To build the benchmarks in double precision (`ELEM_TYPE=double` is default):
```bash
cd src/acc/opencl
make
```
To build the benchmarks in single precision (SP):
```bash
cd src/acc/opencl
make ELEM_TYPE=float
```
To auto-tune, please install the Python `wheel` and `opentuner` packages:
```bash
cd src/acc/opencl/smm
pip install -r requirements.txt
```
The OpenTuner script supports several command line arguments (`tune_multiply.py --help`).
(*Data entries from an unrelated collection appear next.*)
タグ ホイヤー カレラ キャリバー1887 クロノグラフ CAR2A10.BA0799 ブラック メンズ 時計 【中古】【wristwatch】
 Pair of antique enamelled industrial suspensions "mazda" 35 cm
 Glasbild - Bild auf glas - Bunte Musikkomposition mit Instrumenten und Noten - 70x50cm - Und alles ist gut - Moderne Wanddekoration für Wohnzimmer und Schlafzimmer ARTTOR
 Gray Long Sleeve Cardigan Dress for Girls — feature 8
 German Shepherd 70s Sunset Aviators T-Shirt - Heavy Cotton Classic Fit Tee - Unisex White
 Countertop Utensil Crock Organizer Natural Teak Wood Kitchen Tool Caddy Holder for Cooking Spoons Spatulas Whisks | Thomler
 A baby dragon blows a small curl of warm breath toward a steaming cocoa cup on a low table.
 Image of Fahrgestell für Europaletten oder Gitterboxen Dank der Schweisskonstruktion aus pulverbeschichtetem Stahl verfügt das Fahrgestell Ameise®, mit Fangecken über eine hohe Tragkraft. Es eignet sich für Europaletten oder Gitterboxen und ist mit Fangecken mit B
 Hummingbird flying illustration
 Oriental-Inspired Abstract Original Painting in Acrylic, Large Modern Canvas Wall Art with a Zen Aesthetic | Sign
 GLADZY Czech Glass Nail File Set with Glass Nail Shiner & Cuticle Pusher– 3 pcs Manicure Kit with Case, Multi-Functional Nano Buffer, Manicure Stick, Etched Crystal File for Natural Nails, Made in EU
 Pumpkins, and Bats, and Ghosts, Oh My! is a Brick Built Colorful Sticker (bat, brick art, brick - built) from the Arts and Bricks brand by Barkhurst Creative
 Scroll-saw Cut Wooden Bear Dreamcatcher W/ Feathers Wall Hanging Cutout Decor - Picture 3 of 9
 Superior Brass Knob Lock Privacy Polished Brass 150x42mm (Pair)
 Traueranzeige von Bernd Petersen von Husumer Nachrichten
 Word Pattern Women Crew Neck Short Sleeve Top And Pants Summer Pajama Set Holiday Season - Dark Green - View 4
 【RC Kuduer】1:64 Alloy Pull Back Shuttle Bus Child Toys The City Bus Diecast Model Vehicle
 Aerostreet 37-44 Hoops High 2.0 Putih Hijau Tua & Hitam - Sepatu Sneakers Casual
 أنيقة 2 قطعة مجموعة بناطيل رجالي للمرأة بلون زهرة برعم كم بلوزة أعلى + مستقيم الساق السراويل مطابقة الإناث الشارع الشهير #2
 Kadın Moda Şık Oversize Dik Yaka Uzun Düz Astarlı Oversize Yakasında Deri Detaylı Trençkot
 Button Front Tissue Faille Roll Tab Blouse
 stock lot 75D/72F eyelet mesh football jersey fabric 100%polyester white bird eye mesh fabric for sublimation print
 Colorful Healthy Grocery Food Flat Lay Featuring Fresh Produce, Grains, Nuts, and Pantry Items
For example, `--stop-after=300` can be of interest to finish in five minutes (without limit, OpenTuner decides when the auto-tuning process is finished). A single kernel can be selected by M, N, and K parameters (GEMM), e.g., `M=15`, `N=5`, and `K=7`:
```bash
./tune_multiply.py 13x5x7
```
**NOTE**: If multiple different kernels are tuned using `tune_multiply.py`, it is advisable to delete the `opentuner.db` directory prior to tuning a different kernel since otherwise auto-tuning is potentially (mis-)guided by information which was collected for a different kernel (`tune_multiply.sh` does this automatically).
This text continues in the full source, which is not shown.